The first time WatchPro met the Rox team in Glasgow’s Argyll Arcade was in 2011. The store was spectacular then, and remains so to this day, with its gleaming white-tiled ground floor bouncing light off the facets of its diamond jewellery, while upstairs people kick-back in the stylish Thrill Room with a glass of Moët & Chandon champagne as they pore over engagement or wedding rings.

Watches at the time were at the value end of the market. If memory serves, the most prestigious brand in the business was Tissot.

Co-founders Kyron Keogh and Grant Mitchell were happy to be considered the enfants terrible of the Arcade, which houses generations-old veterans including Laings and Chisholm Hunter pushing watches from top end Swiss businesses such as Rolex, Patek Philippe and the Richemont Group. The big multiples are there too.

The ambitious entrepreneurs knew that to stand out in the Arcade, they would need to be different; not hard, they thought when the majority of jewellers were still trading from shops with shag pile carpet, oak furniture and cushions in the windows.

Since 2011, which was the tenth anniversary of Rox, the company has created a retail brand that is both distinct from its competitors, and also consistently applied across product, people, store design, marketing, in fact everything you can see, feel, touch and taste.

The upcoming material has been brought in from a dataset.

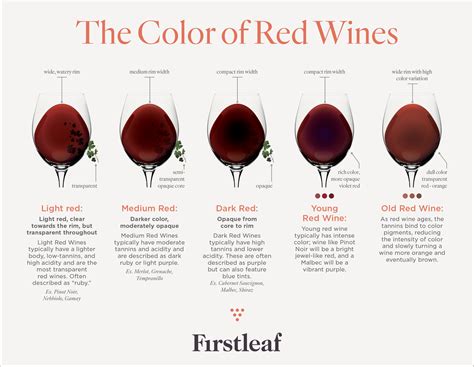 A Guide to the Different Colors of Wine - Wine School | Firstleaf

Even the choice of champagne in every Rox Thrill Room is a carefully considered element of the Rox brand.

Rox is now present in Glasgow, Edinburgh, Aberdeen, Leeds and Newcastle. The majority of turnover still comes from jewellery, but the watch portfolio has grown dramatically and shifted upmarket.

Working with LVMH has been key; a relationship that began five years ago when Rox landed the Hublot agency.

Hublot at the time had very little profile in the UK, but Rox has made it a success in Scotland thanks to the energy they put into introducing it to their customers at regular parties and other events. “We started with Hublot just over five years ago and, when we took it on, it was seen as a bit of a footballers’ watch. It did not have the horological heritage, and it never pretended to have it,” recalls Rox co-managing director Kyron Keogh. “Hublot is about the Art of Fusion, the fusion of different materials, ceramic, Kevlar, rubber, carbon fibre; materials that have never been seen in a watch before,” he adds in a timely return to a Hublot-approved script.

The events are key, and it is one of the reasons that Rox always installs a Thrill Room at its boutiques. “We can turn the space into a branded party for any watchmaker. We don’t need to have shop-in-shop furniture because we turn this room into a branded space,” explains co-managing director Grant Mitchell.

“We hold events every month at least, usually branded events like showing the Tudor watches that have launched at Baselworld; Bremont Adventurer Club night; Hublot Golf, Hublot Ferarri. We have great relationships with a lot of the luxury car showrooms up here. We have a McClaren dealer up here, Rolls Royce, Bentley … these are the guys we need to be working with,” Mr Keogh explains.

 

Argyll arcade 2
The original Thrill Room at Rox’s Argyll Arcade flagship in Glasgow.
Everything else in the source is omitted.